Problem statement —
Directions for the data below: repeat exactly the lines from the one with "Hello everyone. Welcome" through the one with "Erratic. Adjective, meaning", both included, and omit all pictures.

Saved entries
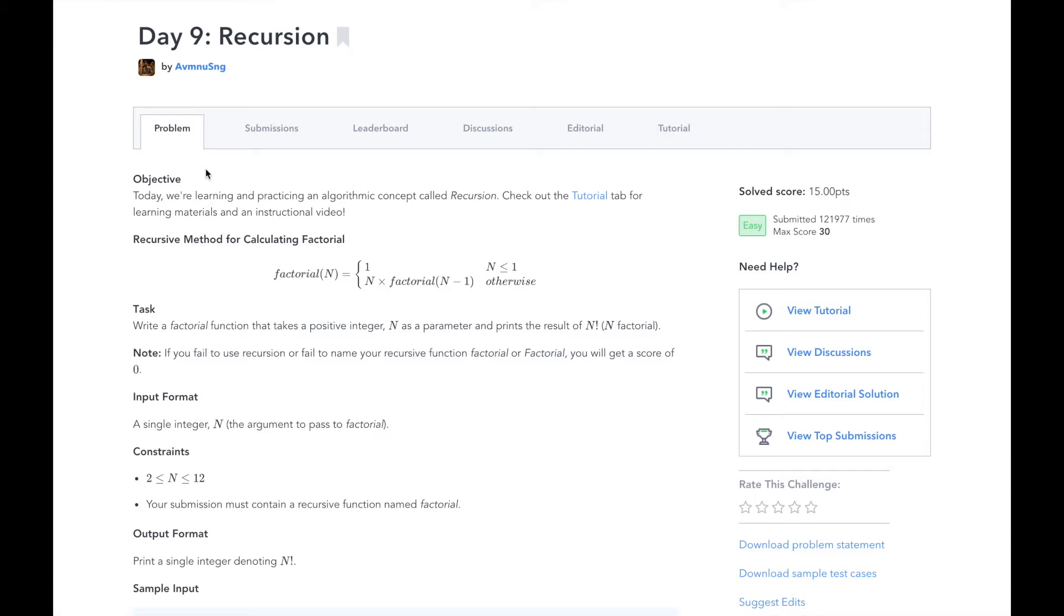In this series, I will walk you through HackerRank's 30 Days of Code Challenge, day by day. In day 9, we will be learning an important algorithmic concept called recursion.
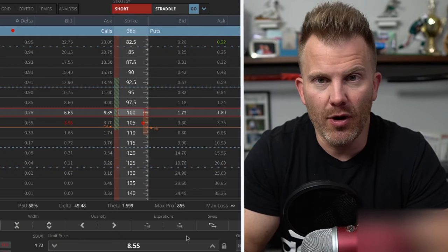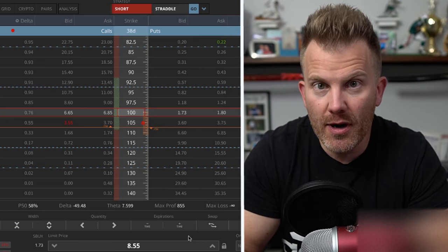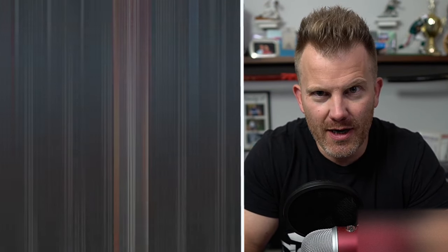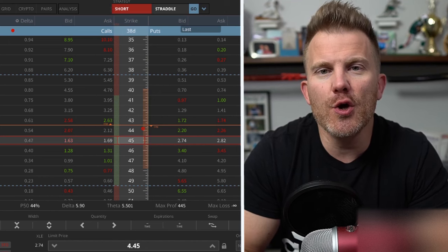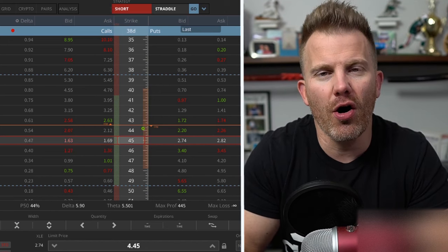A short straddle actually sets up very similarly to a short strangle. You have two options: a short put and a short call. The key difference, though, is that with a short strangle we saw there was some distance between the short put and the short call. But with a short straddle, they're actually going to share the same short strike. For example, if the stock price was 100, you would do a short put at 100 and a short call at 100. If the stock price was 45, you would do a short put at 45 and a short call at 45.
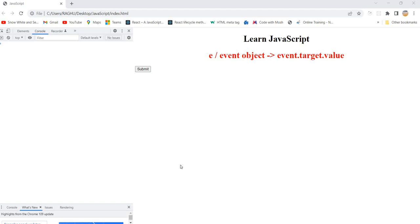Hello all, welcome back! Today we are going to understand one of the most important concepts in JavaScript. Usually when you are working with React.js without learning it properly, many students have a confusion about what `this`, `event.target.value` means.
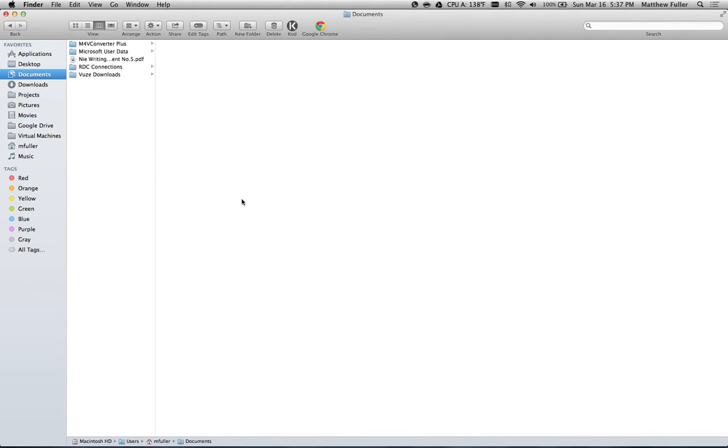Hey guys, today I'm going to be showing you how to access Google Voice directly from your Mac. So if you see this little extension I have up here, if I click on that, it shows you my inbox full of text messages.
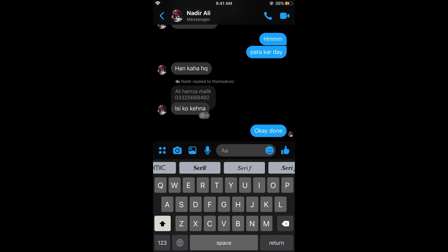So hope by doing so you would be able to change your fonts on iPhone keyboard, but before you go please like, subscribe and share. Thank you.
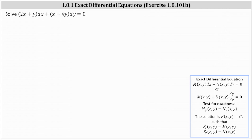We want to solve the given differential equation. Notice how the form of the differential equation does fit the form of an exact differential equation. However, we still need to check to make sure it is exact by verifying that the partial of M with respect to y equals the partial of N with respect to x. Notice M(x, y) is equal to 2x plus y, and N(x, y) is equal to x minus 4y.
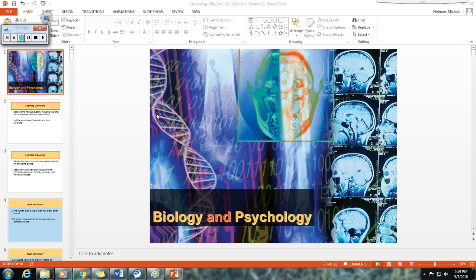Hello everyone. Welcome to our online lecture for Psych 1101 and Psych 1010 at Lanier Technical College. My name is Michael Holman. I am a psychology instructor here at Lanier Tech and I will be your narrator. Please note that these lectures are intended to assist you in better understanding the material and should not be considered a substitute for attending lecture, reading the text, or completing your assignments.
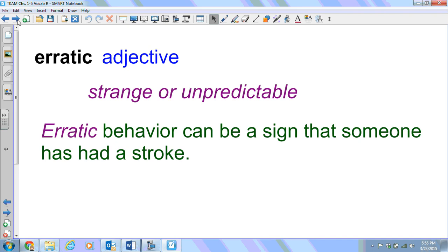Erratic. Adjective, meaning strange or unpredictable. Erratic behavior can be a sign that someone has had a stroke.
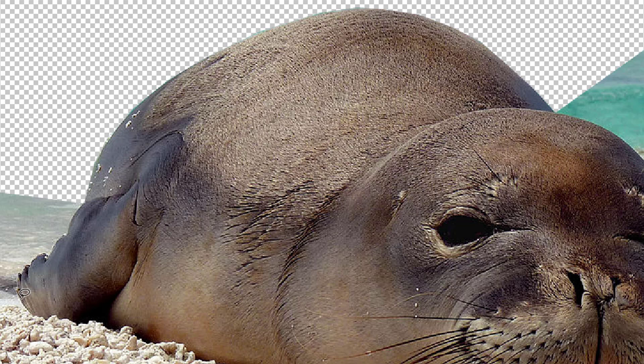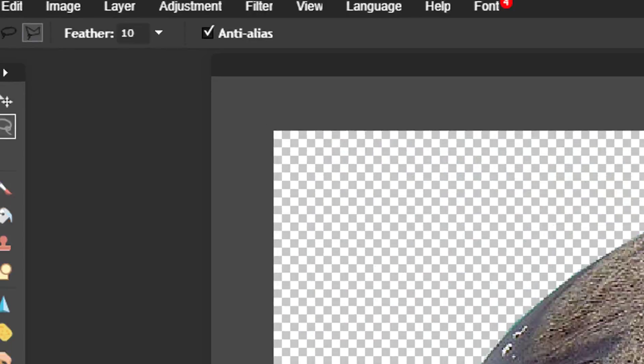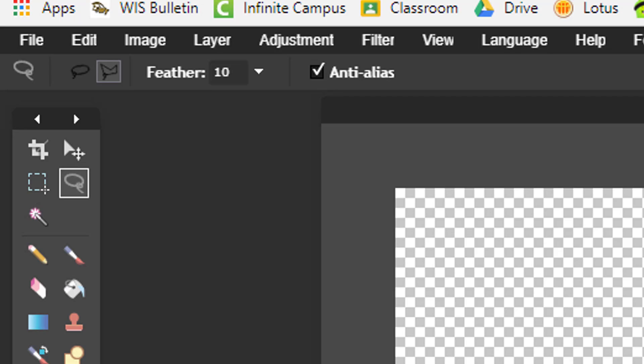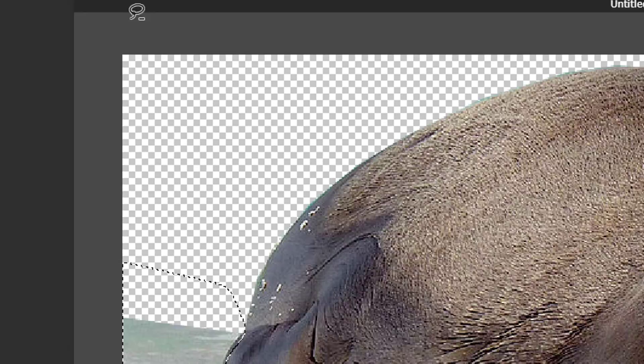To create a feathered outline, you may want to adjust the feathering option of the lasso tool. The default setting is 1. Here, we have adjusted it to 10.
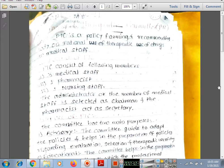We can define the Pharmacy and Therapeutic Committee as: it is a policy forming and recommending body on rational therapeutic use of drugs to the medical staff. PTC is related to rational therapeutic use of drugs — drugs safely and properly used in patient treatment.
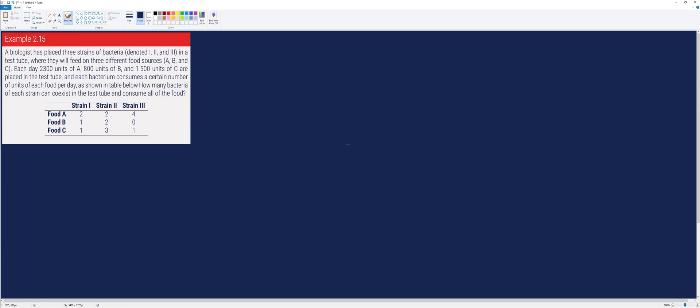We have here a table representing the amount or the units a certain strain consumes of a certain food. For example, strain 1 consumes two units of food A, one unit of food B, and one unit of food C. Strain 2 consumes two units of food A, two units of food B, and three units of food C. Whereas strain 3 consumes four units of food A, zero units of food B, and one unit of food C.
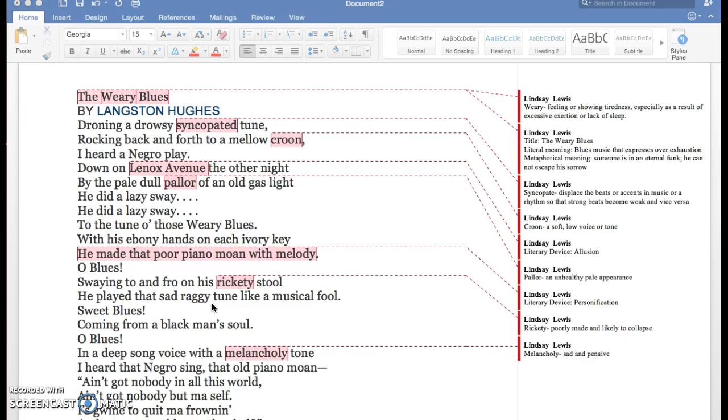So thank you for listening. This was The Weary Blues by Langston Hughes, and this is Luling Z. Lewis talking. Thanks.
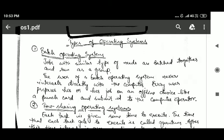Hello friends, welcome back. In this tutorial we are going to study the types of operating systems. First we will study about batch operating systems. In batch operating systems, jobs with similar types of needs are batched together and run as a group.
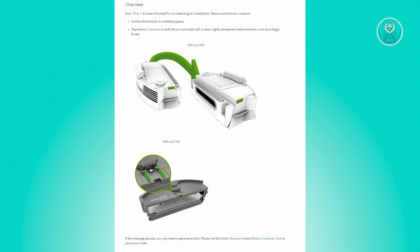For Roomba 600 and 700 series, if the issue persists, you may also consider obtaining a replacement bin. Please visit an iRobot store or contact iRobot customer care for assistance with your order.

Reply —
Hello everyone. Welcome to our online lecture for Psych 1101 and Psych 1010 at Lanier Technical College. My name is Michael Holman. I am a psychology instructor here at Lanier Tech and I will be your narrator. Please note that these lectures are intended to assist you in better understanding the material and should not be considered a substitute for attending lecture, reading the text, or completing your assignments.
Erratic. Adjective, meaning strange or unpredictable. Erratic behavior can be a sign that someone has had a stroke.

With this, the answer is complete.